Perhaps the title of this post is a bit harsh – but, perhaps not. The YU Commentator reports:
…[Yeshiva College] inaugurated a German Club in 1941 "to arouse a interest in German culture and an attempt to understand the German philosophy of life for the purpose of appreciation and good will." The club met once a month to sing German songs and drink beer. After the war, the club rationalized its existence claiming that "Nazi brutality has not been able to blemish or desecrate contributions to world culture, whether they be of German origin or not."
Yeshiva Professor of Jewish History Rabbi Bernard Rosensweig was one of the leading activists in Yeshiva during the later and post-War years. "At the begging of the War, the New York Times and the American government played down the events," remembers Rabbi Rosensweig. "Our nominal community leaders were afraid to speak out. However, in 1944 - Rabbi Rosensweig's first year at Yeshiva - America became heavily involved in the War and American Jewry gained interest in the Jewish Brigade (Fifteen units of Palestinian Jewish battalions incorporated into the British Army). It became a matter of great pride."
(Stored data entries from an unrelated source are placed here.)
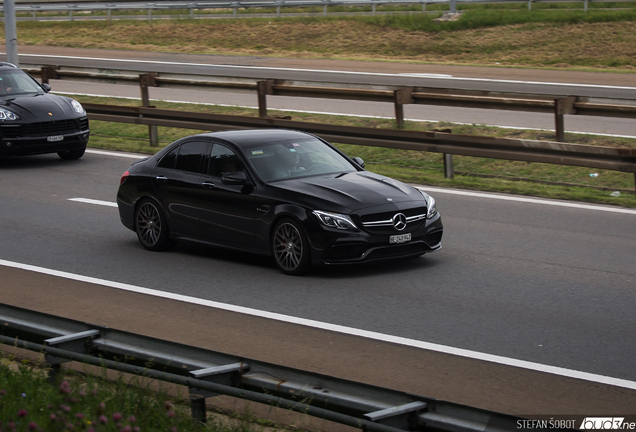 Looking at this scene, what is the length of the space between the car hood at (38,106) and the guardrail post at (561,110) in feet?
30.0

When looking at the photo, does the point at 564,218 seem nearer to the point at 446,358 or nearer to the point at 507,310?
the point at 507,310

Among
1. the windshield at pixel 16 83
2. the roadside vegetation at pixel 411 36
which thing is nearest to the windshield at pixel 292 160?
the windshield at pixel 16 83

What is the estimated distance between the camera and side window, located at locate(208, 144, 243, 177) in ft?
34.1

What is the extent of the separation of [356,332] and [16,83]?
1304 cm

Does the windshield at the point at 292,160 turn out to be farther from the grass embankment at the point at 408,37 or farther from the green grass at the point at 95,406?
the grass embankment at the point at 408,37

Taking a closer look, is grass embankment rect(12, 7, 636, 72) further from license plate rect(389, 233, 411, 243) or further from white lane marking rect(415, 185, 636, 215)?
license plate rect(389, 233, 411, 243)

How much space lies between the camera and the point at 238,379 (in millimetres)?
5188

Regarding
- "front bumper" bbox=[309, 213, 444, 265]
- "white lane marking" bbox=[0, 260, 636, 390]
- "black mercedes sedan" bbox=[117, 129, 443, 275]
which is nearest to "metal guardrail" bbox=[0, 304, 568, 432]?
"white lane marking" bbox=[0, 260, 636, 390]

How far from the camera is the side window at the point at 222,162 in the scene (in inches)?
409

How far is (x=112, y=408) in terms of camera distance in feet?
17.5

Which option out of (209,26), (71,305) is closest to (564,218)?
(71,305)

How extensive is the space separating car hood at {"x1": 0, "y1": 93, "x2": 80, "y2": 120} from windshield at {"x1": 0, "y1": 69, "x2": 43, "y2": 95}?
0.29 metres

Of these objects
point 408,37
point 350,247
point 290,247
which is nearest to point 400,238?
point 350,247

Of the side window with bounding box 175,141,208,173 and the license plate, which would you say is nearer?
the license plate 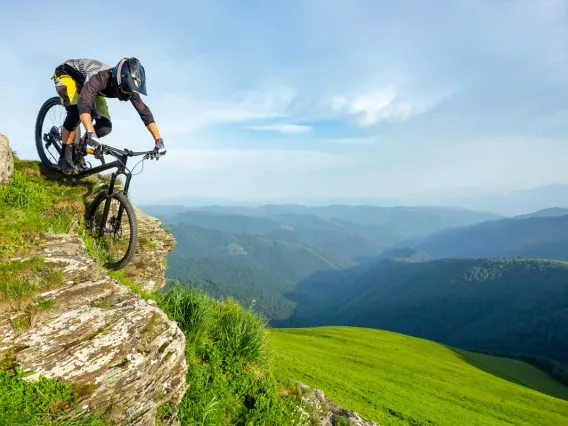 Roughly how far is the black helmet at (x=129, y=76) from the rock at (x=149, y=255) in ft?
18.6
America became "heavily involved" in WW2 in 1942. The man is a professor of history. Worse, he blames the Times and the US government, when Peter Bergson and his Jabotinsky group were publicizing the Holocaust in 1943. But, like most of the Jewish community, YU did not listen. The Commie continues:
Once the War had ended in 1945 and American Jewry became more acutely aware of the atrocities committed by the Nazis, Yeshiva rose to become a force in the Orthodox world.
"People were walking in the street and crying," recollects Yeshiva Chancellor Rabbi Norman Lamm. "We were unaware of the enormity of the crimes that were going on. It was simply irrational. When the Warsaw Ghetto Uprising was commemorated we then began to realize the magnitude of what had happened."
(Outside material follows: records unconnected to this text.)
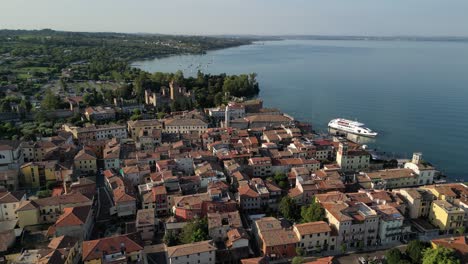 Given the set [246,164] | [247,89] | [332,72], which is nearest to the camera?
[246,164]

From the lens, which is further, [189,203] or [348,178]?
[348,178]

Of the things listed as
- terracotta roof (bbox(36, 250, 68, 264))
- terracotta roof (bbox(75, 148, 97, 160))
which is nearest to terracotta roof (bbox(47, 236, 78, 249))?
terracotta roof (bbox(36, 250, 68, 264))

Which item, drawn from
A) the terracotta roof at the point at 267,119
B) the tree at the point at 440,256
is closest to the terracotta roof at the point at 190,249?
the tree at the point at 440,256

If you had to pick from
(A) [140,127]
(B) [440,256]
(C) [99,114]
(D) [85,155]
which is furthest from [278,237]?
(C) [99,114]

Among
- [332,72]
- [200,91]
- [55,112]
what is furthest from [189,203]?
[332,72]

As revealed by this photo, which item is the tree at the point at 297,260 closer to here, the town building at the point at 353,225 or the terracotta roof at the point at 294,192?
the town building at the point at 353,225

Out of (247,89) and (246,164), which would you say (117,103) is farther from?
(246,164)

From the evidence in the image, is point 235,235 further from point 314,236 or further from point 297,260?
point 314,236

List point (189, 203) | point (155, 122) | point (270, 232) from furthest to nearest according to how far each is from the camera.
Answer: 1. point (155, 122)
2. point (189, 203)
3. point (270, 232) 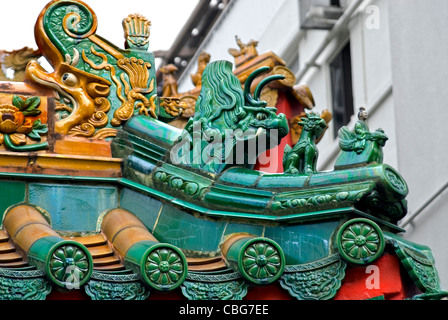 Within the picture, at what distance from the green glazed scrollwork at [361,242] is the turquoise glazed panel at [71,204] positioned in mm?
2586

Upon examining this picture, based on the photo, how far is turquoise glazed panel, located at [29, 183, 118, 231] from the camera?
16.6m

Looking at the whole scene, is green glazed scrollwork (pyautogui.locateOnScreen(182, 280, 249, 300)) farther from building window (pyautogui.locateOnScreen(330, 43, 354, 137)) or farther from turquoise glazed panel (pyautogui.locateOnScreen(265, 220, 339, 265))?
building window (pyautogui.locateOnScreen(330, 43, 354, 137))

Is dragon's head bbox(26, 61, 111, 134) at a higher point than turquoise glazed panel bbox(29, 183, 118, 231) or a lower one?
higher

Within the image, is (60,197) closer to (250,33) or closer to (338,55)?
(338,55)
Rabbi Lamm entered Yeshiva College in 1945.
"When it was over, there was a terrible depression," says Rabbi Rosensweig. "The boys at Yeshiva - Stern had not been founded yet - decided to raise a campaign for money." Rabbi Rosensweig was the chairman of this committee, which in 1946, managed to raise an unprecedented $20,000 and submitted it to then Head of the Vaad Hatzalah (Emergency Committee) Rabbi Zalman Sorotzkin. "The number of boys here with money was very limited, but a number of people worked hard to raise the money. Our success is a reflection of the care of many devoted Yeshiva students."
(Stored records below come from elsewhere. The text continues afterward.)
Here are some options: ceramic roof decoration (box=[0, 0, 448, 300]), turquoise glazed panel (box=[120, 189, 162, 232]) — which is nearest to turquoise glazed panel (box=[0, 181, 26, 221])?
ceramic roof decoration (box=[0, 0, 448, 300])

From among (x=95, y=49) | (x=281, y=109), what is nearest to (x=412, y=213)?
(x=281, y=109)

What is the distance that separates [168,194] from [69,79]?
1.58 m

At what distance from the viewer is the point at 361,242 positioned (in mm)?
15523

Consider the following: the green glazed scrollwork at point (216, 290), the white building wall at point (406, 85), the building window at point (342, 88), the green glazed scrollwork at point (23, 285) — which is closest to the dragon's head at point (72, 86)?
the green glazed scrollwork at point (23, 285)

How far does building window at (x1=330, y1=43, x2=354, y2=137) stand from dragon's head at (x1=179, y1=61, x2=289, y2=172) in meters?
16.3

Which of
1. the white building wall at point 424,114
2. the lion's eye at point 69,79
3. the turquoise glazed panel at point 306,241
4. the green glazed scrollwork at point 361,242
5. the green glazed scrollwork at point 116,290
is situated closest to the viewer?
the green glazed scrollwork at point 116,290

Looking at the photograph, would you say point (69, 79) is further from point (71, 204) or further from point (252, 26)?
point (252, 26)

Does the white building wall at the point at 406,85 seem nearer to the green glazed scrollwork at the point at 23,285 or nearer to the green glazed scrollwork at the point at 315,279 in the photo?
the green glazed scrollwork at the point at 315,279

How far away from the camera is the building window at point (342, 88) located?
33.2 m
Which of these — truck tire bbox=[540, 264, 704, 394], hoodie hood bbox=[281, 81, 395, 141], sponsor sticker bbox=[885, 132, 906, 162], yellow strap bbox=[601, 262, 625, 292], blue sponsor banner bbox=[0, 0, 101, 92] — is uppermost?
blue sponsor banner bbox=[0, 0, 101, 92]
In other words, during the time that mattered most, YU did not help the Vaad Hatzolah in any significant way. This is not a record to be proud of.
And what is it about Commie reporters and editors? This is a university paper?
UPDATE and CLARIFICATION
Nachum writes:
… Bernard Revel, president until his death in late 1940, was working hard to bring Jews over however he could well before the Holocaust started. His successor, Samuel Belkin, did the same during the war. Many prominent professors and roshei yeshiva- and their families, and students, and anyone else who could be fit into the narrow laws- made their way out this way, not all winding up at YU.
Oh, and quite a few YU students were actually fighting. The yearbooks from the war years begin with lists of students from that year who were killed while serving in the Armed Forces .…
[A]nd speaking of Bergson: In his autobiography, "A Child of the Century," Ben Hecht states that the cast and crew of the productions he put on with Bergson to publicize the Holocaust and, later, to support Israel were primarily made up of Yeshiva College students.
I have no reason to doubt Nachum's information. But, one must ask, why is YU's own paper ignorant of these facts? Perhaps YU needs to look at its standards, both in admission, and in how its own student paper is run.